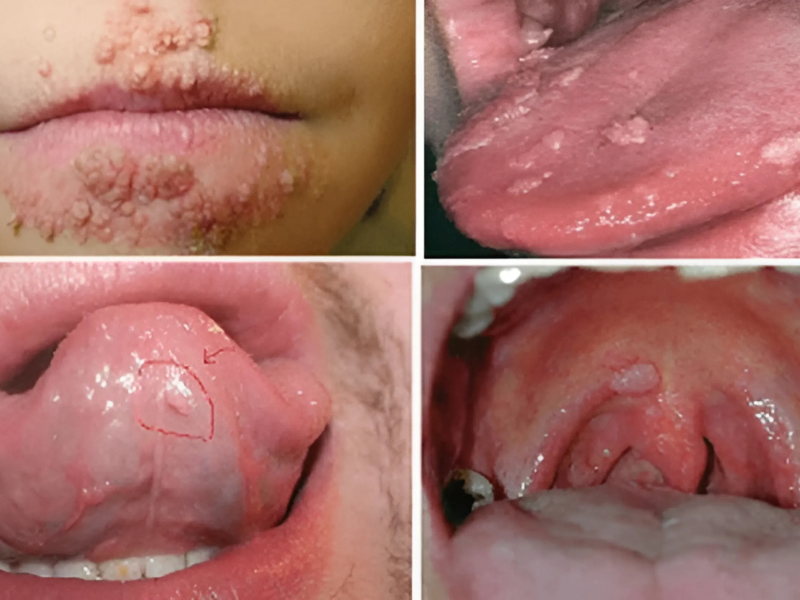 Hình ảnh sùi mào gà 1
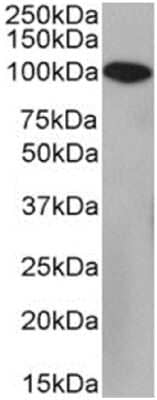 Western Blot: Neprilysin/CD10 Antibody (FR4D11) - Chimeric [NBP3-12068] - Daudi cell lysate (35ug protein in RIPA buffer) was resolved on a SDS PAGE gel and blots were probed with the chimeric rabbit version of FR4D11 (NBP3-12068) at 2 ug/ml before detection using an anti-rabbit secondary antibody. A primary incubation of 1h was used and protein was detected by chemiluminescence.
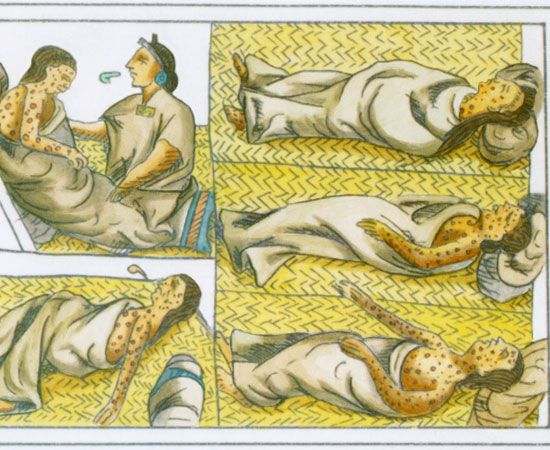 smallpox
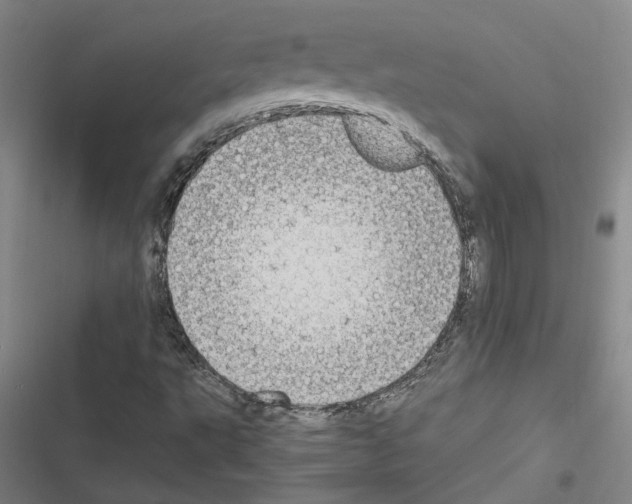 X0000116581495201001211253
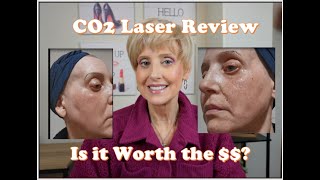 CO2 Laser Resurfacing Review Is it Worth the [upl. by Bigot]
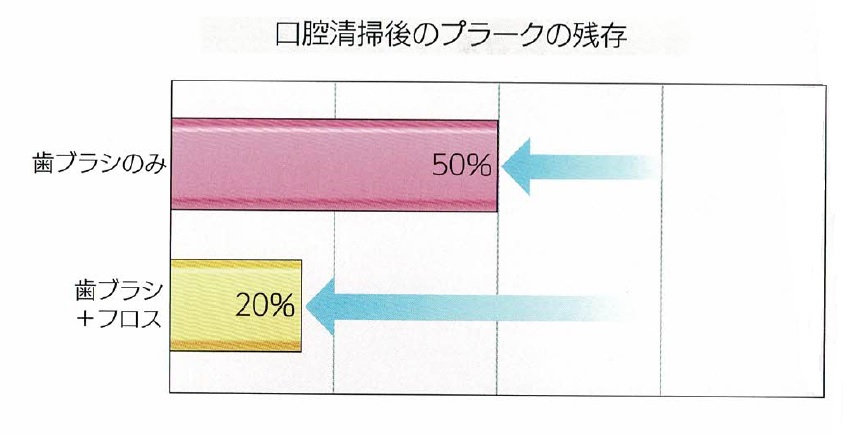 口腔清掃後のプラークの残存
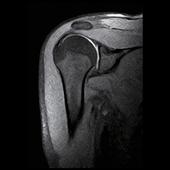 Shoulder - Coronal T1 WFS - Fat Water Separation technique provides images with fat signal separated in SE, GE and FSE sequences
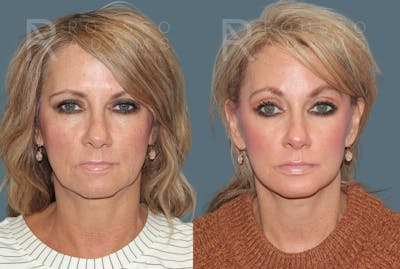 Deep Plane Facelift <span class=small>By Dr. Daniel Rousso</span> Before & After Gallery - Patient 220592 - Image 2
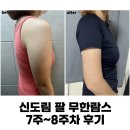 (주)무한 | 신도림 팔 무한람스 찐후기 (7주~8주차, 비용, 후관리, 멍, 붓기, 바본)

========================

▸ **EXERCISE DETAILS**: Take the line that holds "Western Blot: Neprilysin/CD10" as the start and the last line of the data as the end. Copy only those lines exactly, both ends included, except the pictures.

▸ **TASK RESULT**:
 Western Blot: Neprilysin/CD10 Antibody (FR4D11) - Chimeric [NBP3-12068] - Daudi cell lysate (35ug protein in RIPA buffer) was resolved on a SDS PAGE gel and blots were probed with the chimeric rabbit version of FR4D11 (NBP3-12068) at 2 ug/ml before detection using an anti-rabbit secondary antibody. A primary incubation of 1h was used and protein was detected by chemiluminescence.
 smallpox
 X0000116581495201001211253
 CO2 Laser Resurfacing Review Is it Worth the [upl. by Bigot]
 口腔清掃後のプラークの残存
 Shoulder - Coronal T1 WFS - Fat Water Separation technique provides images with fat signal separated in SE, GE and FSE sequences
 Deep Plane Facelift <span class=small>By Dr. Daniel Rousso</span> Before & After Gallery - Patient 220592 - Image 2
 (주)무한 | 신도림 팔 무한람스 찐후기 (7주~8주차, 비용, 후관리, 멍, 붓기, 바본)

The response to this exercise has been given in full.